Re: [PATCH] iommu/vt-d: Check for non-NULL domain on device release

From: Robin Murphy
Date: Tue Jan 16 2024 - 20:57:50 EST


On 2024-01-16 3:22 pm, Jason Gunthorpe wrote:
On Sat, Jan 13, 2024 at 10:17:13AM -0800, Eric Badger wrote:
In the kdump kernel, the IOMMU will operate in deferred_attach mode. In
this mode, info->domain may not yet be assigned by the time the
release_device function is called, which leads to the following crash in
the crashkernel:

This never worked right? But why are you getting to release in a crash
kernel in the first place, that seems kinda weird..

BUG: kernel NULL pointer dereference, address: 000000000000003c
...
RIP: 0010:do_raw_spin_lock+0xa/0xa0
...
_raw_spin_lock_irqsave+0x1b/0x30
intel_iommu_release_device+0x96/0x170
iommu_deinit_device+0x39/0xf0
__iommu_group_remove_device+0xa0/0xd0
iommu_bus_notifier+0x55/0xb0
notifier_call_chain+0x5a/0xd0
blocking_notifier_call_chain+0x41/0x60
bus_notify+0x34/0x50
device_del+0x269/0x3d0
pci_remove_bus_device+0x77/0x100
p2sb_bar+0xae/0x1d0
...
i801_probe+0x423/0x740

Signed-off-by: Eric Badger <ebadger@xxxxxxxxxxxxxxx>

It should have a fixes line, but I'm not sure what it is..

---
drivers/iommu/intel/iommu.c | 10 ++++++----
1 file changed, 6 insertions(+), 4 deletions(-)

Unfortunately this issue is likely systemic in all the drivers.

All two of the drivers which support deferred attach, that is.

Something I've been thinking about for a while now is to have the
option for the core code release to set the driver to a specific
releasing domain (probably a blocking or identity global static)

A lot of drivers are open coding this internally in their release
functions, like Intel. But it really doesn't deserve to be special.

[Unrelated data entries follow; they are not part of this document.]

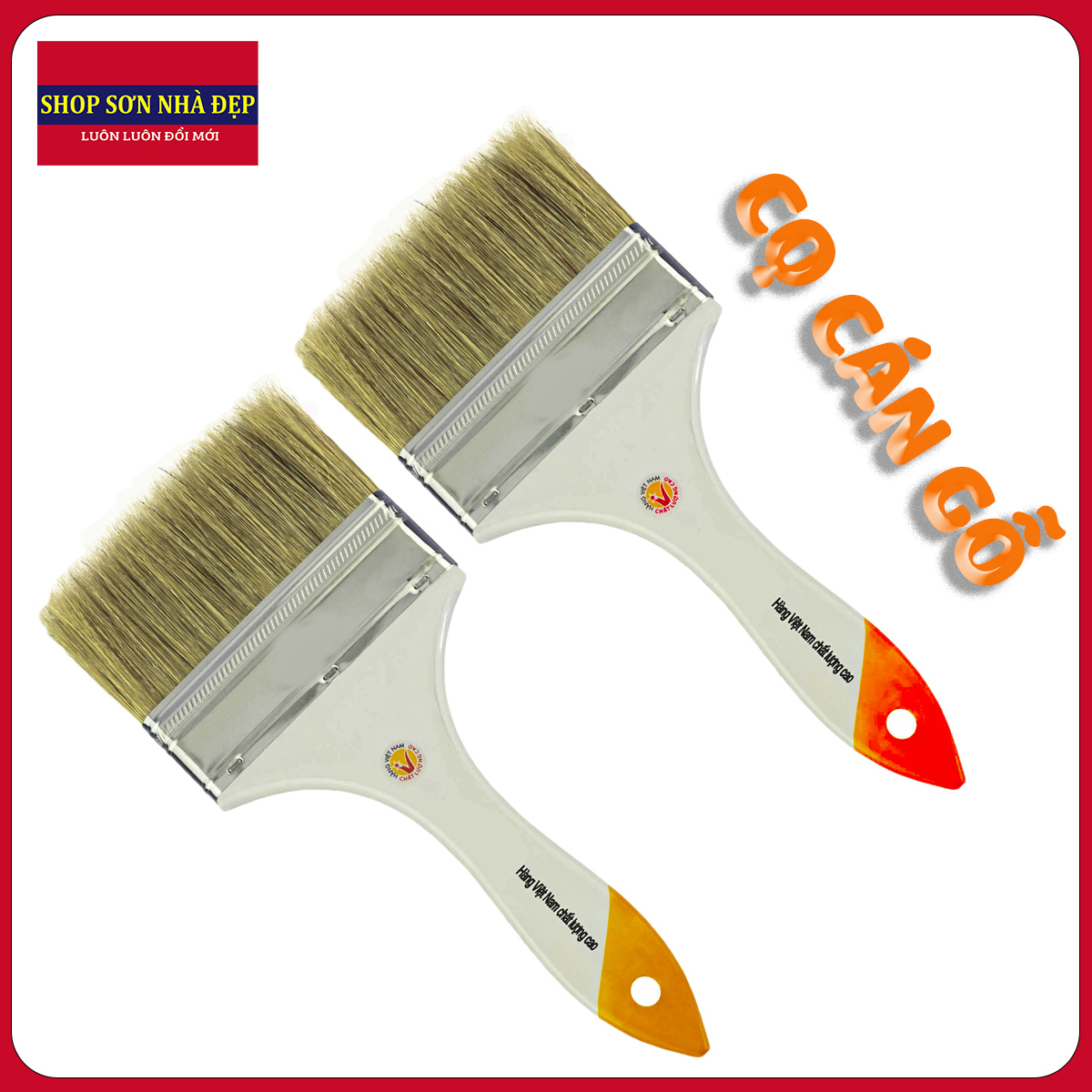 Cọ quét sơn chổi sơn  cán gỗ cao cấp bản 10cm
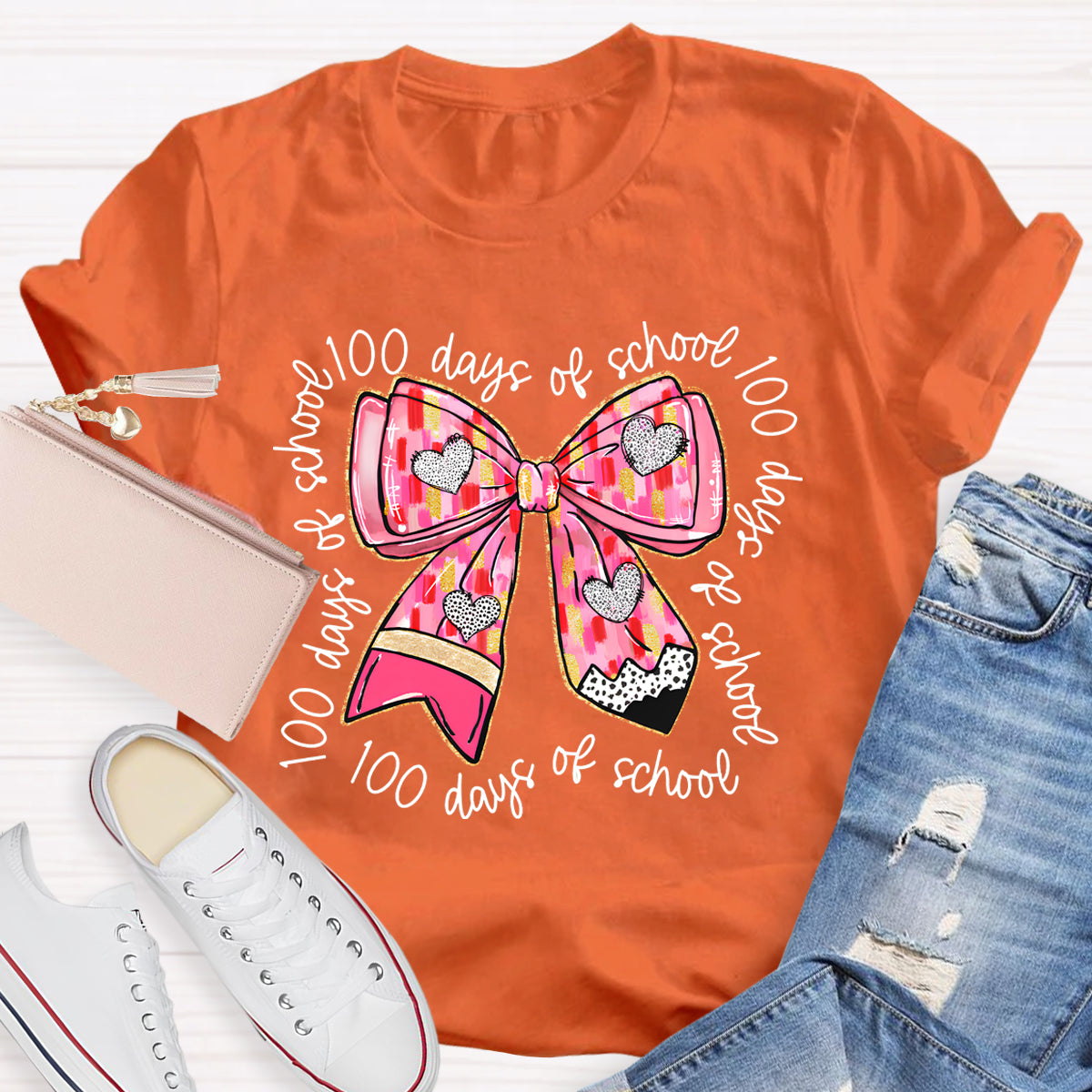 100 Days Of School Teacher Pink Bow T-Shirt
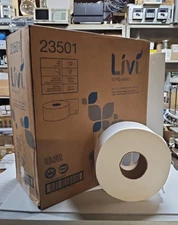 Solaris Livi VPG 23501 Plain Jumbo Bath Tissue Paper, 2 Ply, White  Pack of 12
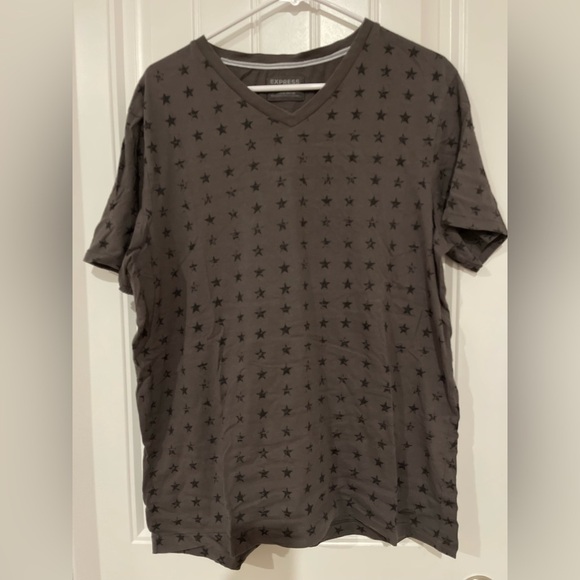 Express Men's Star Pattern Gray T-Shirt - Picture 1 of 7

Either way it shouldn't apply in this case, though. Crash kernels *are* special. The whole point of deferred attach is that we don't disturb anything unless we've got as far as definitely using a given default domain (from which we can infer the relevant client device should have been reset and quiesced). Thus regardless of why release might get called, if a deferred attach never happened then the release should still avoid touching any hardware configuration either.

I'd suggest using dev->iommu->attach_deferred as the condition rather than a NULL domain, to be clear that it's the *only* valid reason to not have a domain at this point.

Thanks,
Robin.